(Collection entries)
-- Opening Marker --

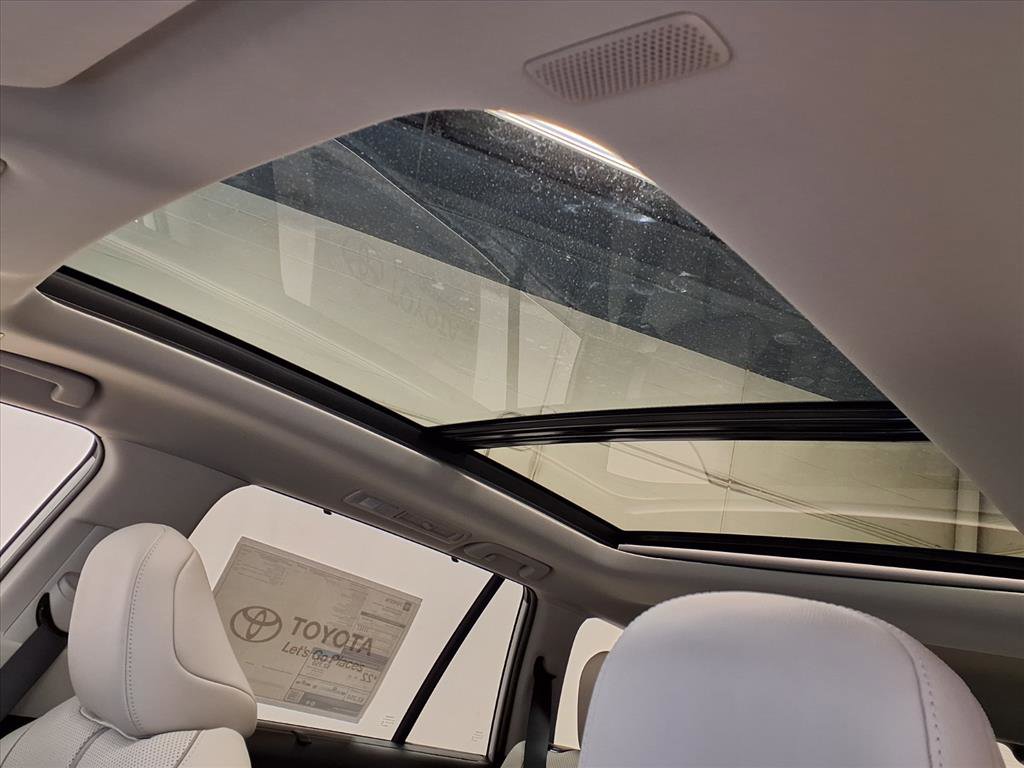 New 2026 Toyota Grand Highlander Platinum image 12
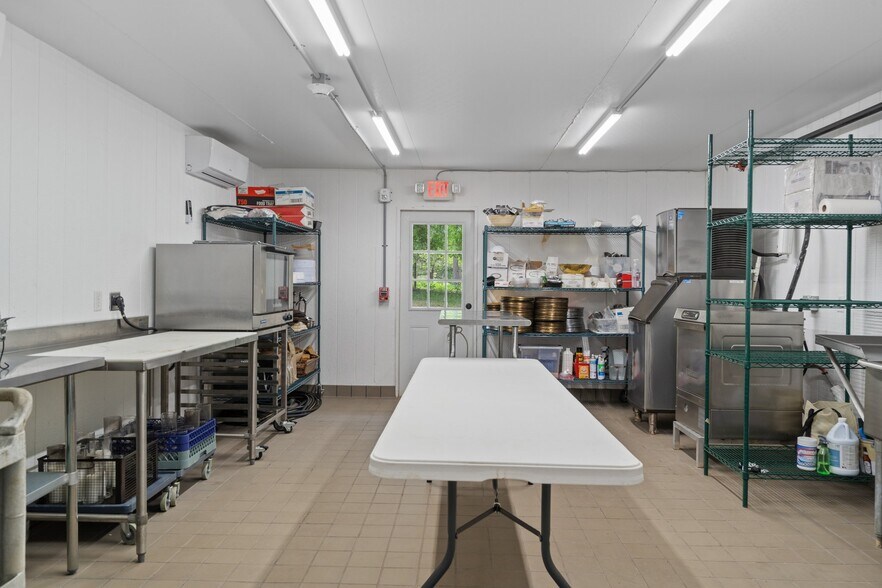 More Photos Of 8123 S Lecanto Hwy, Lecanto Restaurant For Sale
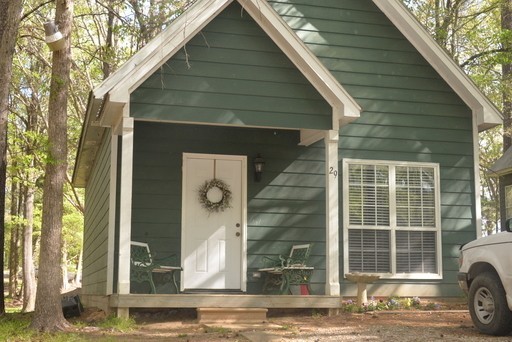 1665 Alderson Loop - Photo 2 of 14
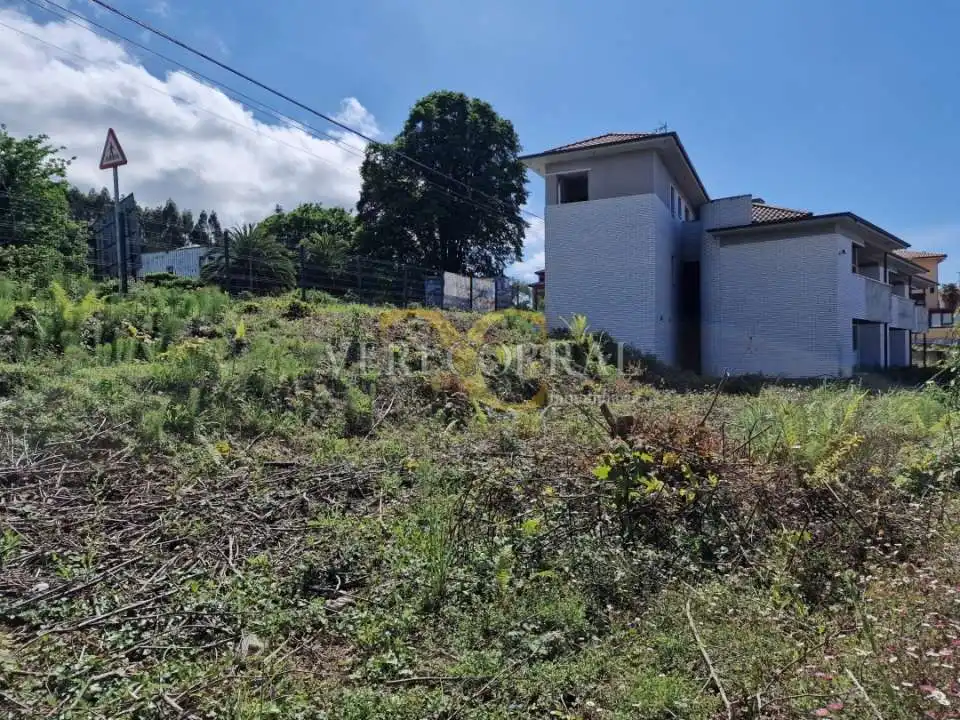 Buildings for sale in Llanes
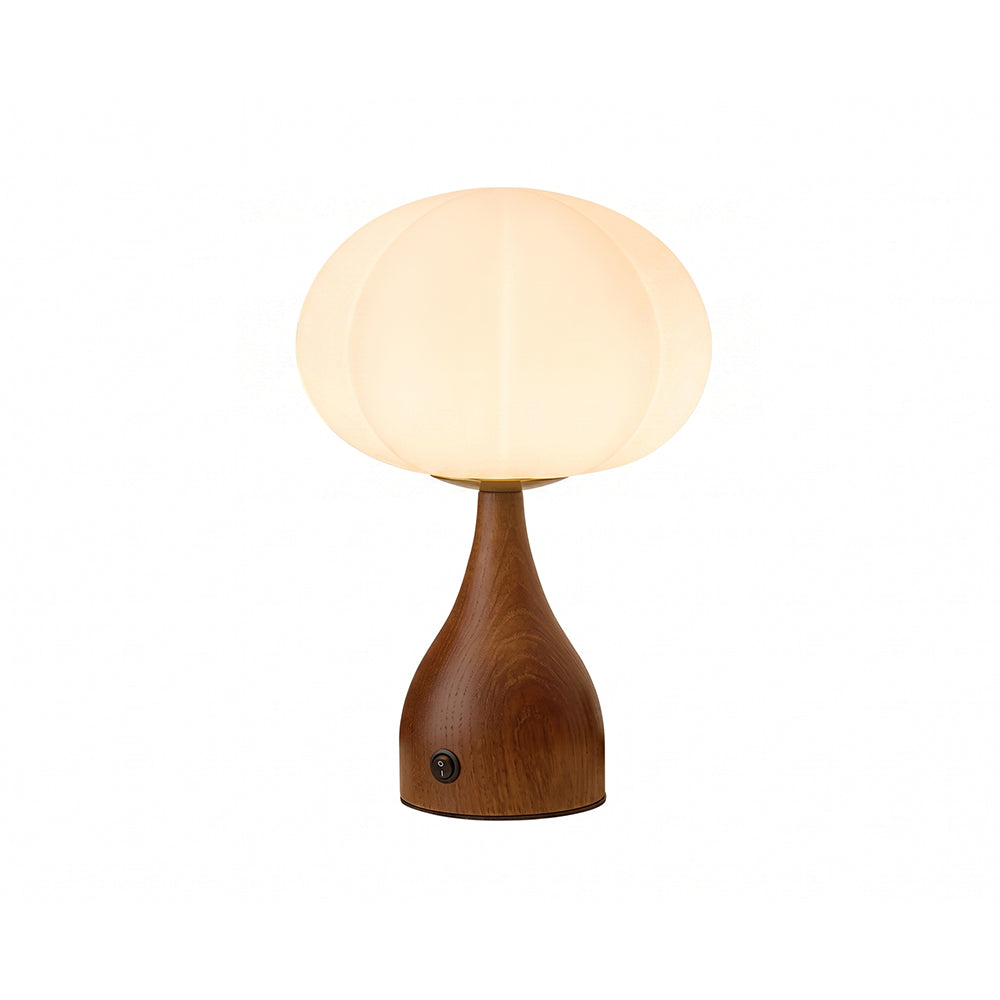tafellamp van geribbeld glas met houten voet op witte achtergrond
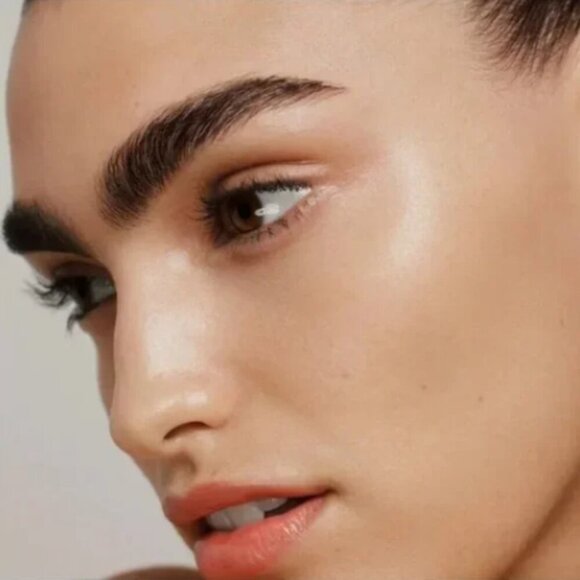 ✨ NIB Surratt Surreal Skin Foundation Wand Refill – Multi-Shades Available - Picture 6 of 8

-- Closing Marker --

**To do:**
Output the data above exactly. Drop every picture.

**Result of the exercise:**
 New 2026 Toyota Grand Highlander Platinum image 12
 More Photos Of 8123 S Lecanto Hwy, Lecanto Restaurant For Sale
 1665 Alderson Loop - Photo 2 of 14
 Buildings for sale in Llanes
tafellamp van geribbeld glas met houten voet op witte achtergrond
 ✨ NIB Surratt Surreal Skin Foundation Wand Refill – Multi-Shades Available - Picture 6 of 8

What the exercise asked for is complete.